**What is expected**
Skip the pictures. Transcribe exactly the lines from the line containing "Bathroom Vanity With" to the end of the listing.

**Records shown**
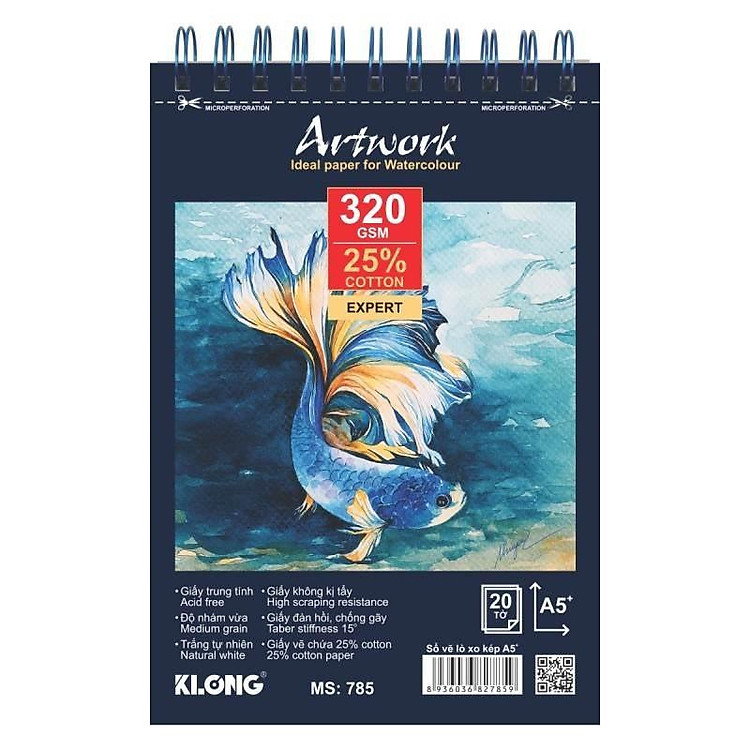 Sổ Vẽ Màu Nước KLONG A5+ (20 tờ) - Ảnh 3
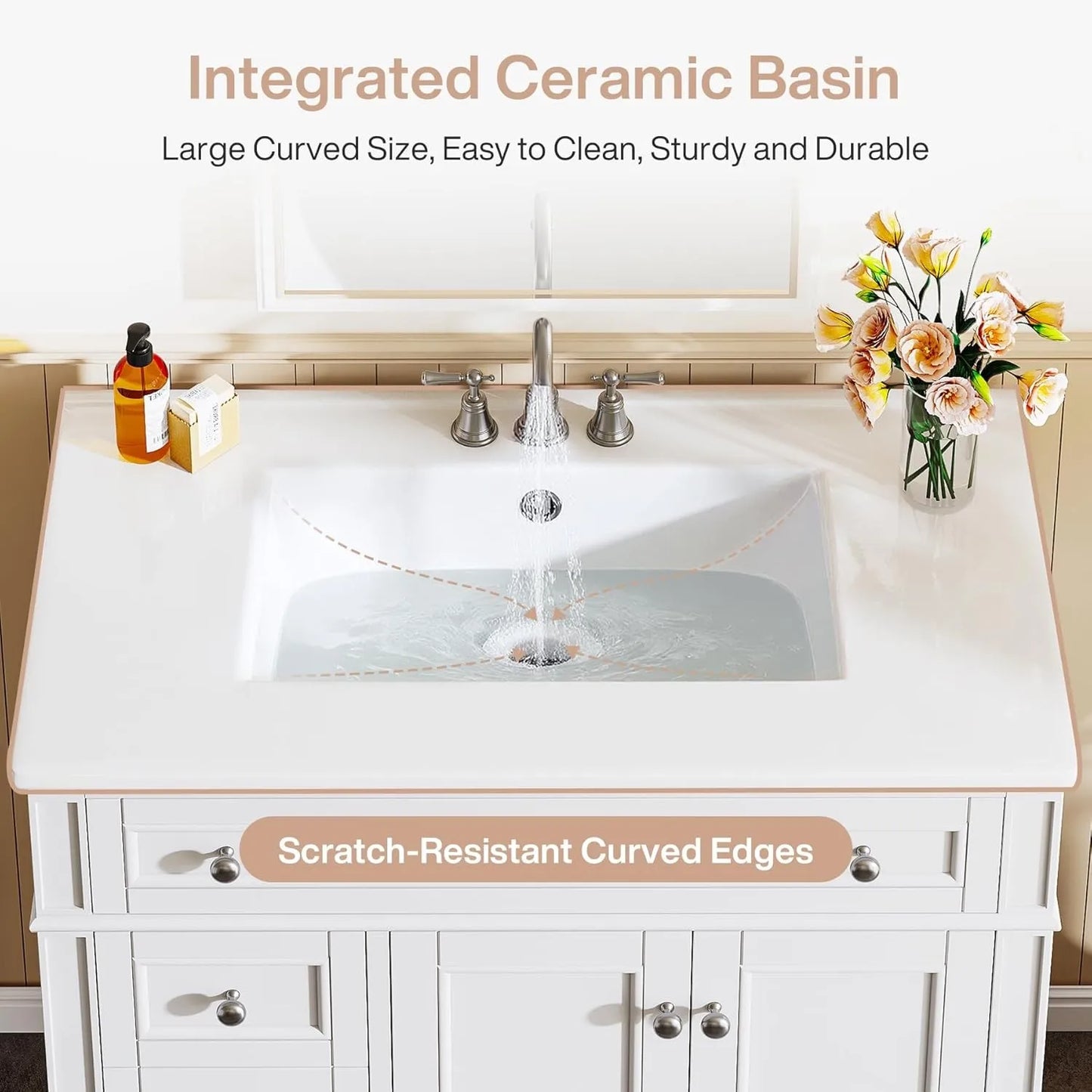 Bathroom Vanity With Sink Four Drawers And Two Doors
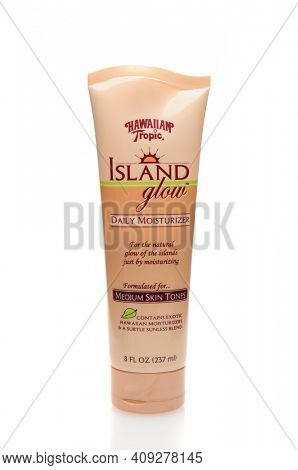 IRVINE, CA, JAN 31, 2011:  Single 8oz tube Hawaiian Tropic Island Glow Daily Moisturizer on a white background
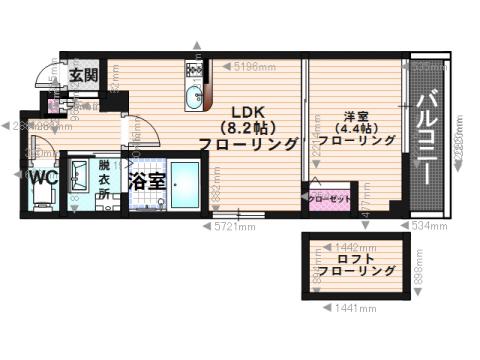 アール平和(1LDK/1階)の間取り写真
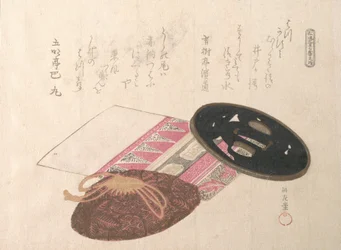 Tsuba zwaardbeschermer en tassen, 19e eeuw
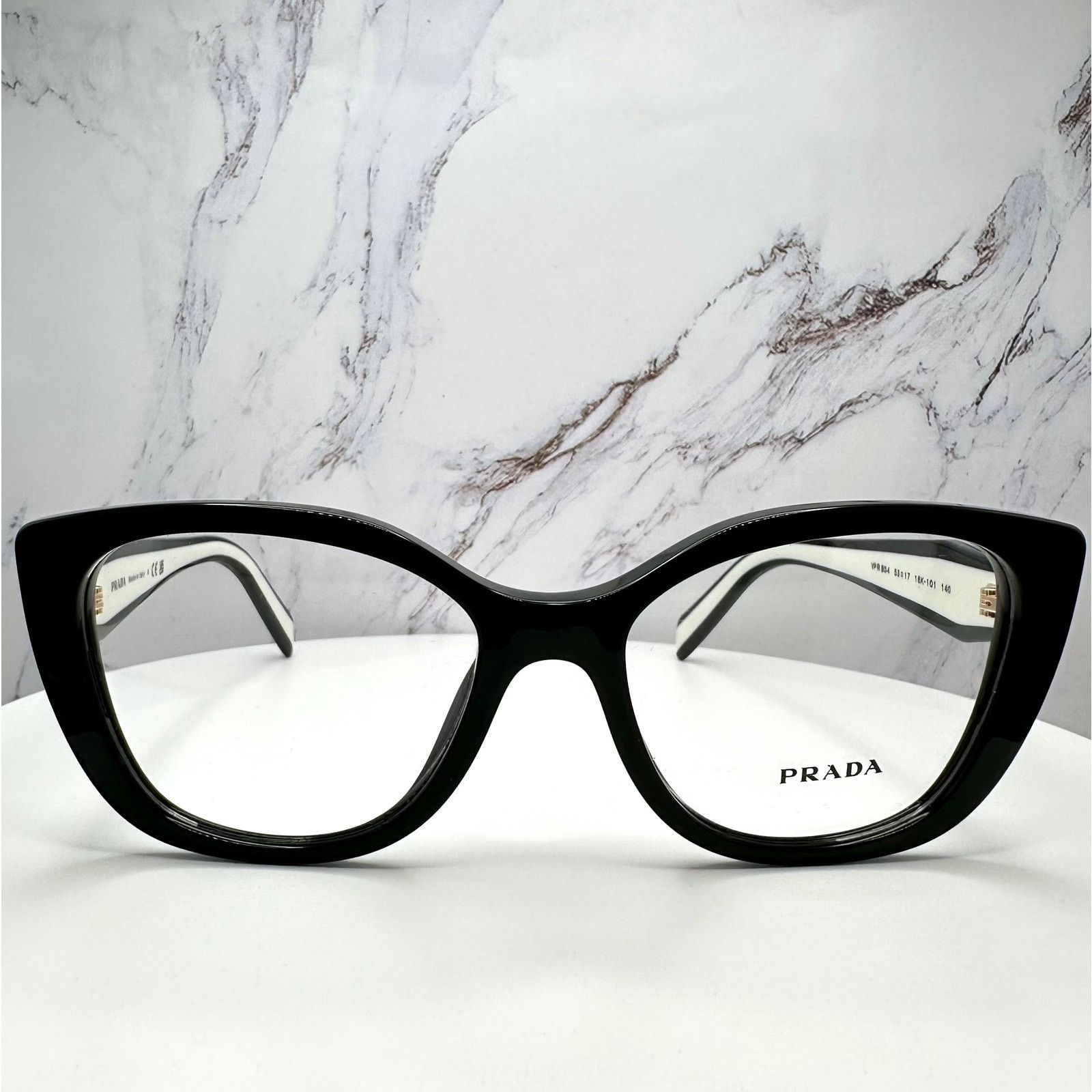 Prada New PRADA Eyeglasses Cat Eye Black White Gold 53-17-140 Size ONE SIZE - 2 Thumbnail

**Your response**
 Bathroom Vanity With Sink Four Drawers And Two Doors
 IRVINE, CA, JAN 31, 2011:  Single 8oz tube Hawaiian Tropic Island Glow Daily Moisturizer on a white background
 アール平和(1LDK/1階)の間取り写真
 Tsuba zwaardbeschermer en tassen, 19e eeuw
 Prada New PRADA Eyeglasses Cat Eye Black White Gold 53-17-140 Size ONE SIZE - 2 Thumbnail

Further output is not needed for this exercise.